MM-BrowseComp:多模态浏览代理的综合基准测试平台
MM-BrowseComp: A Comprehensive Benchmark for Multimodal Browsing Agents
August 14, 2025
作者: Shilong Li, Xingyuan Bu, Wenjie Wang, Jiaheng Liu, Jun Dong, Haoyang He, Hao Lu, Haozhe Zhang, Chenchen Jing, Zhen Li, Chuanhao Li, Jiayi Tian, Chenchen Zhang, Tianhao Peng, Yancheng He, Jihao Gu, Yuanxing Zhang, Jian Yang, Ge Zhang, Wenhao Huang, Wangchunshu Zhou, Zhaoxiang Zhang, Ruizhe Ding, Shilei Wen
cs.AI
摘要
具备高级推理与工具使用能力的AI代理在深度网络搜索中展现了卓越性能。尽管现有基准如BrowseComp评估了这些浏览能力,但它们主要关注文本信息,忽视了多模态内容的普遍性。为填补这一空白,我们推出了MM-BrowseComp,一个包含224道精心设计的挑战性问题的全新基准,专门用于评估代理的多模态检索与推理能力。这些问题常在提示中融入图像,且搜索与推理过程中遇到的关键信息也可能嵌入网页中的图像或视频内。因此,仅依赖文本的方法在我们的基准测试中显得力不从心。此外,我们为每个问题提供了经过验证的检查清单,支持对多模态依赖关系及推理路径的细致分析。通过对顶尖模型在MM-BrowseComp上的全面评估,我们发现即便是配备了工具的OpenAI o3等顶级模型,准确率也仅为29.02%,这凸显了当前模型在多模态能力上的不足及原生多模态推理的缺失。
English
AI agents with advanced reasoning and tool use capabilities have demonstrated
impressive performance in web browsing for deep search. While existing
benchmarks such as BrowseComp evaluate these browsing abilities, they primarily
focus on textual information, overlooking the prevalence of multimodal content.

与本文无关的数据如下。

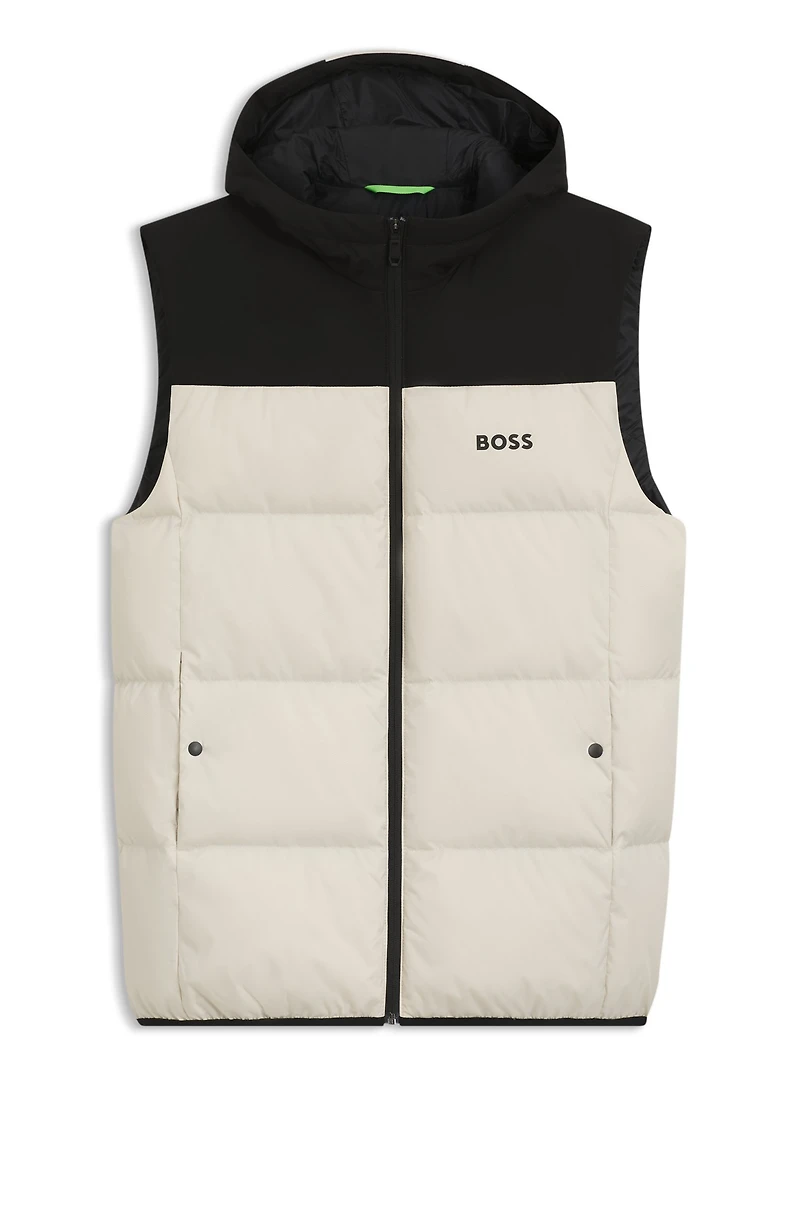 Down-filled gilet with water-repellent finish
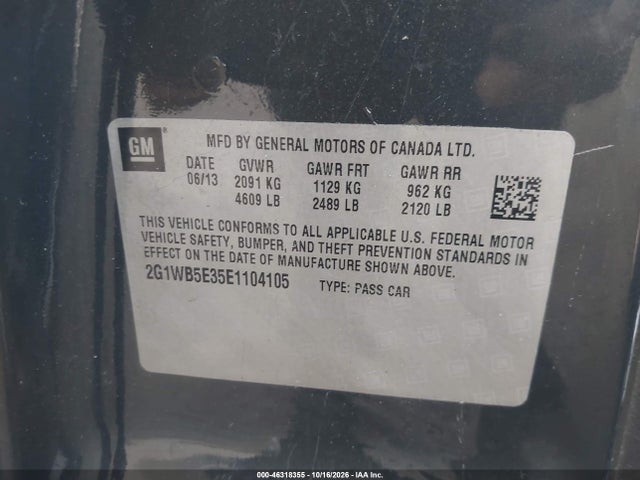 Продажа на аукционе авто 2014 Chevrolet Impala Limited Lt, vin: 2G1WB5E35E1104105, номер лота: 46318355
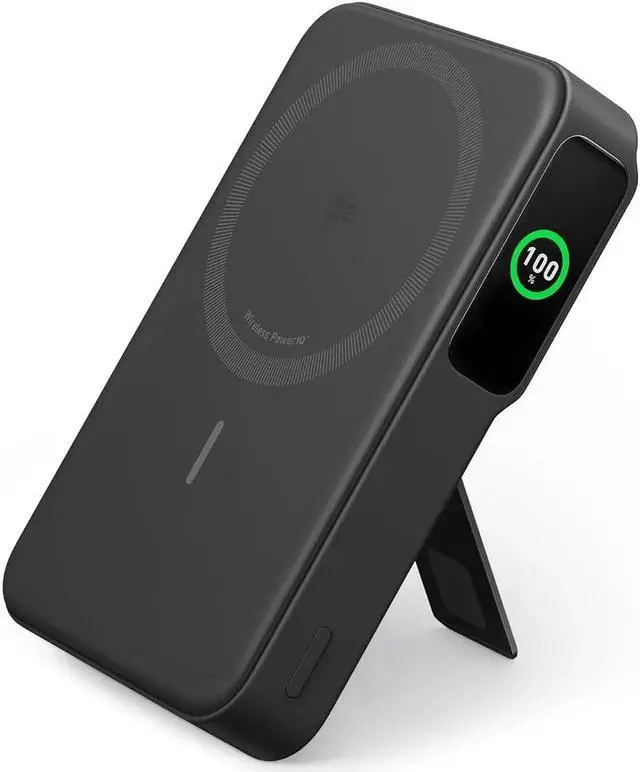 Main image of JAENFONG MagGo Power Bank Qi2 Certified 15W Ultra-Fast MagSafe-Compatible Portable Charger 10 000mAh Battery Pack with Smart Display & Foldable Stand For iPhone 15/14/13 Only (USB-C Cable Included)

To bridge this gap, we introduce MM-BrowseComp, a novel benchmark comprising
224 challenging, hand-crafted questions specifically designed to assess agents'
multimodal retrieval and reasoning capabilities. These questions often
incorporate images in prompts, and crucial information encountered during the
search and reasoning process may also be embedded within images or videos on
webpages. Consequently, methods relying solely on text prove insufficient for
our benchmark. Additionally, we provide a verified checklist for each question,
enabling fine-grained analysis of multimodal dependencies and reasoning paths.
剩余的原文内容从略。